First, it was “big data.” Then came “AI,” “blockchain,” and the “Internet of Things.” In an attempt to categorize the complex and varied emerging technologies coming out of our industry, the proliferation of buzzwords has created well-earned skepticism on what will be “the next big thing” and how it will actually have an impact.
It’s understandable. Most companies starting out tend to beat their chests about how great they are and don’t spend much time connecting the dots between all that greatness and actual business outcomes. With so much jargon being thrown out there (Product X will unlock Y to accomplish Z), I wanted to sit down and get real on what “cloud-native edge computing at hyperscale” means.
Edge computing is what makes real-time reaction to IoT data possible. That’s because it eliminates latency, bandwidth, and autonomy limitations of cloud that can hamper or destroy real-time applications. However, edge computing as it stands today has never contemplated a connected, “hyperscale” world. Unlike cloud, edge computing is still very rooted in the world of embedded computing and processing. This world wasn’t intended to achieve application lifecycle management at hyperscale like the cloud is architected for. The embedded world is less accustomed to the networked systems, security, and app management that solve the problems of deploying, managing, and securing apps at hyperscale.
Of course, applications do exist today in the embedded computing world that are autonomous and real-time, and that interact with the physical world. Examples include programmable logic controllers (PLCs) on an assembly line controlling robots or in a solar farm controlling power systems.
However, these embedded systems have operating limitations that — when viewed from the scale, security, and network requirements of an IoT world — make it hard to create a consistent approach to deploying, securing, updating, and future-proofing them, especially over-the-air at remote locations, without an unrealistic increase in operational costs.
The era of cloud computing introduced app developers to the concept of “cloud-native” applications: a model where developers are more concerned with how apps are created, deployed, and maintained at hyperscale, and not concerned with “where” they are physically deployed. Application developers can focus on continuous, agile delivery of software with a base assumption that infrastructure should be taken for granted. “Cloud-native” at the edge extends this base assumption to enable agile development regardless of the network topology, geography, or hardware diversity found at the edge.
Examining the software application lifecycle at the edge today versus a “cloud-native” approach highlights the fundamental differences that an edge app platform must achieve to provide continuous delivery at distributed locations and at hyperscale.

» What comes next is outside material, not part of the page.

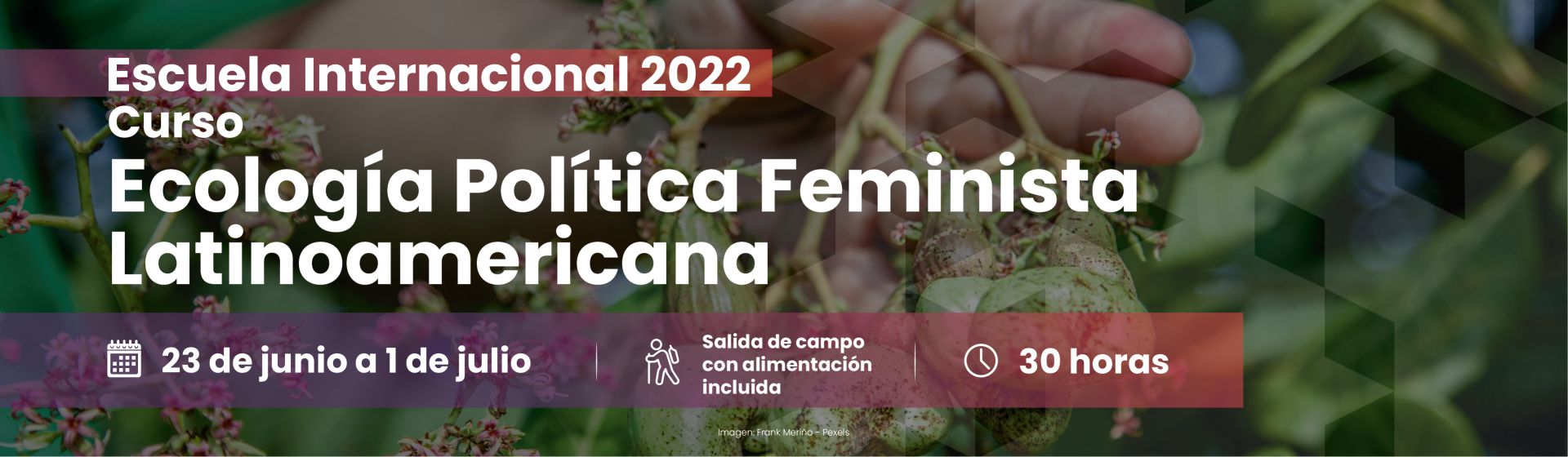 Curso Internacional de Verano: Ecología Política Feminista Latinoamericana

A comparison of legacy embedded and cloud-native edge software development
This cloud-native approach has allowed the largest cloud companies to achieve operations at hyperscale and is an absolute requirement for IoT to live up to its forecasted market value of over half a trillion dollars. To provide a view of what “hyperscale” will look like in edge computing, we need to look no further than the Meltdown bug discovered by Intel in January 2018. To protect customers from the effects of the bug, Amazon Web Services would have had to quickly patch some millions of servers to ensure smooth operations and security for all their customers (this is an estimate, as it is a proprietary number they don’t share). These fixes were not deployed in weeks or months, but hours and days.
Why is this approach needed for the edge? Ford Motor Company shipped 6.7 million cars in 2016. Some modern cars already have several servers with multiple software containers or virtual machines running on them, but they are not connected to the internet. For the smart car of the future (with Wi-Fi access, vehicle-to-vehicle exchange of sensor data, or even just map updating), there is an inevitable scenario for edge computing where a single car company could have to deal with 10 times the number of upgrades required by a cloud company the size of Amazon to protect their customers, because connecting the internet to these cars instantly makes them require continual updates and improvements. How does a car company scale its operations to deal with these compute and app problems? Are they going to increase their IT team to match Amazon Web Services? These are the realities of dealing with hyperscale at the edge.
Jargon-y? Sure. Making a real impact on business outcomes? Absolutely.